They call us crazy. They call us mad. They call us insane. They call us Corn Nuts.

Nobody could quite believe the reception Heathers the Musical got when it first opened at The Other Palace theatre in June of this year. The cast likened the atmosphere to that of a rock concert and exclaimed how they had never experienced anything like it before. Unaffected by the craze, people called fans crazy and didn’t understand the hype, despite so many raving reviews. “It’s just screaming teenagers,” they said. “I can’t even hear the actors sing, it’s so loud in there,” they cried. Heathers the Musical went through a lot in its short time in London. But damn, was it one hell of a ride.

From June – August the show ran at The Other Palace. A small, intimate setting where night after night the theatre would be crammed with ‘Corn Nuts’ incredibly passionate fans of the show who had waited forever to catch a glimpse of the production with their own eyes. From there, Heathers transferred into London’s very own West End, and made the Theatre Royal Haymarket their home from September 3rd – November 24th, a bigger theatre with more of a traditional setting. But boy, did they make it something.

Closing night of Heathers the Musical is a night I will never ever forget. It by far was one of the most heartbreaking days of my life and thinking about it still breaks my heart a little. But after seeing the show so many times over its astounding 12 week run, who could blame a girl for crying her little heart out?

I never expected this show to have anywhere near as big an effect on me as it has done, but I wouldn’t change any of it for the world. Moving to London on September 15th 2018 was one of the most terrifying things I have ever done and to be honest, it still doesn’t even feel real. Mostly because the last twelve weeks have been a blur. But in the very best way. I saw Heathers three days after moving to London. But on that day, I had no idea that sitting inside that theatre listening to the preshow playlist and having the time of my life would become a weekly occurrence. Nor did I ever dream of the friends, experiences and memories that would come along with it.

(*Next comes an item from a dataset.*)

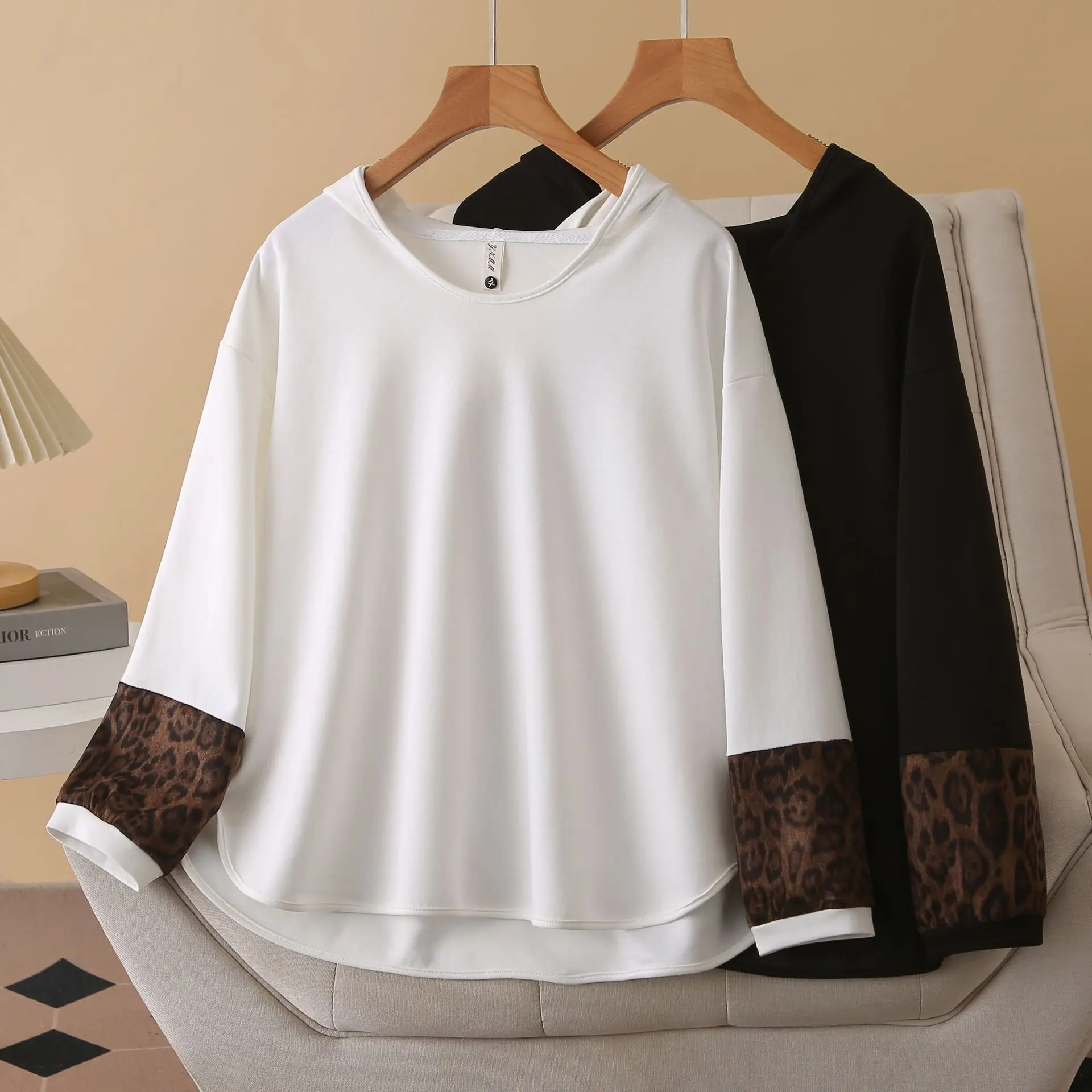 Fashion Plus Size Women's T-Shirt Autumn New Fashion Leopard Print Sleeve Hooded Tops 8613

Over 12 weeks of Heathers being at the Theatre Royal Haymarket, I’ve experienced some incredible things. I’ve tried things I never dreamed I would. I’ve had the opportunity to meet, speak to and thank some of the most incredibly talented cast members I’ve ever seen perform. In the last twelve weeks I’ve found a part of myself that, quite frankly, I had no idea existed until this show became such a big part of my life. Most importantly, though, I have made the most incredible friends any person could hope to be lucky enough to have, ones who I hope and pray will be with me forever. You know who you are guys and I really hope you know that you’re stuck with me, so here’s your opportunity to get out before it’s too late.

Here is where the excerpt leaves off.